Not OP. I prefer JAX for non-AI tasks in scientific computing because of the different mental model than PyTorch. In JAX, you think about functions and gradients of functions. In PyTorch you think about tensors which accumulate a gradient while being manipulated through functions. JAX just suits my way of thinking much better.

I also like that jax.jit forces you to write "functional" functions free of side effects or inplace array updates. It might feel weird at first (and not every algorithm is suited for this style) but ultimately it leads to clearer and faster code.

I am surprised that JIT in PyTorch gets so little attention. Maybe it's less impactful for PyTorch's usual usecase of large networks, as opposed to general scientific computing?


>I also like that jax.jit forces you to write "functional" functions free of side effects or inplace array updates. It might feel weird at first (and not every algorithm is suited for this style) but ultimately it leads to clearer and faster code.

It's not weird. It's actually the most natural way of doing things for me. You just write down your math equations as JAX and you're done.

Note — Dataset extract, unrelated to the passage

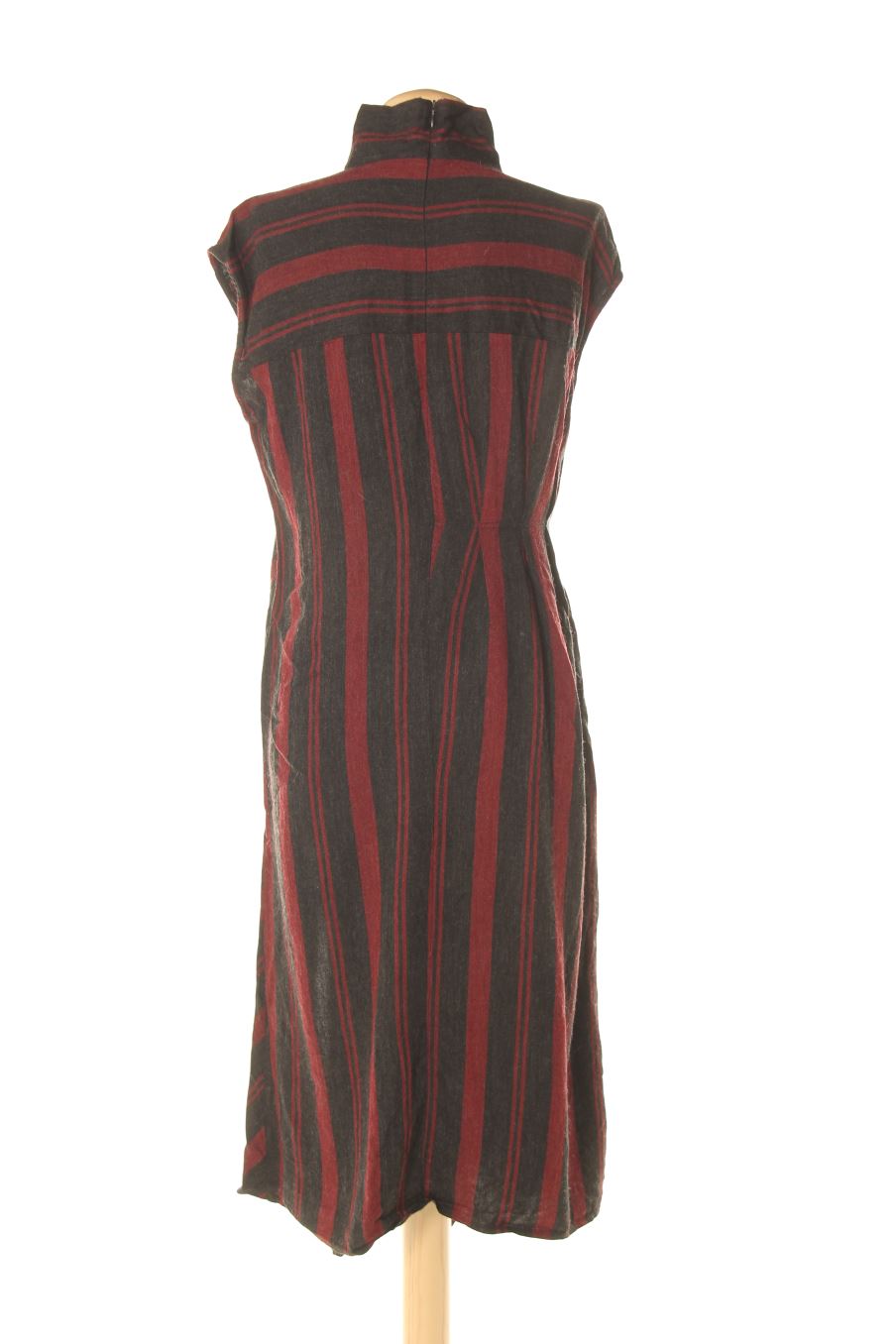 Vestido casual de Zara de la talla S, de color estampado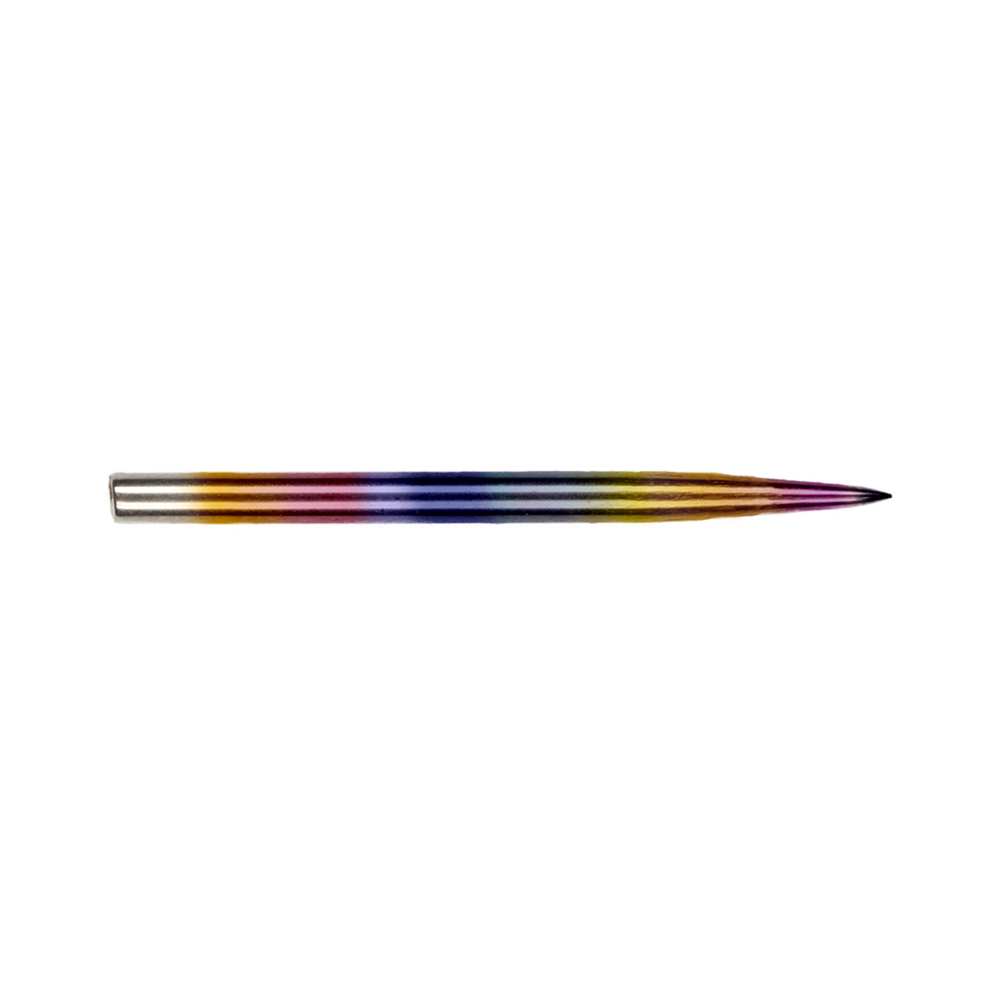 BU57614_BullsNL_Rainbow_Steeldartspitzen_35mm_2 Das Bild zeigt eine bunte, metallische Dartspitze. Die Spitze hat einen Regenbogenfarbverlauf und ist schlank und spitz zulaufend.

> You just write down your math equations as JAX and you're done.

It's natural when your basic unit is a whole vector (tensor), manipulated by some linear algebra expression. It's less natural if your basic unit is an element of a vector.

If you're solving sudoku, for example, the obvious 'update' is in-place.

In-place updates are also often the right answer for performance reasons, such as writing the output of a .map() operation directly to the destination tensor. Jax leans heavily on compile-time optimizations to turn the mathematically-nice code into computer-nice code, so the delta between eager-Jax and compiled-Jax is much larger than the delta between eager-Pytorch and compiled-Pytorch.


Not Op. I have production / scale experience in PyTorch and toy/hobby experience in JAX. I wish I could have time time or liberty to use JAX more. It consists of small, orthogonal set of ideas that combine like lego blocks. I can attempt to reason from first principals about performance. The documentation is super readable and strives to make you understand things.

JAX seems well engineered. One would argue so was TensorFlow. But ideas behind JAX were built outside Google (autograd) so it has struck right balance with being close to idiomatic Python / Numpy.

PyTorch is where the tailwinds are, though. It is a wildly successful project which has acquired ton of code over the years. So it is little harder to figure out how something works (say torch-compile) from first principles.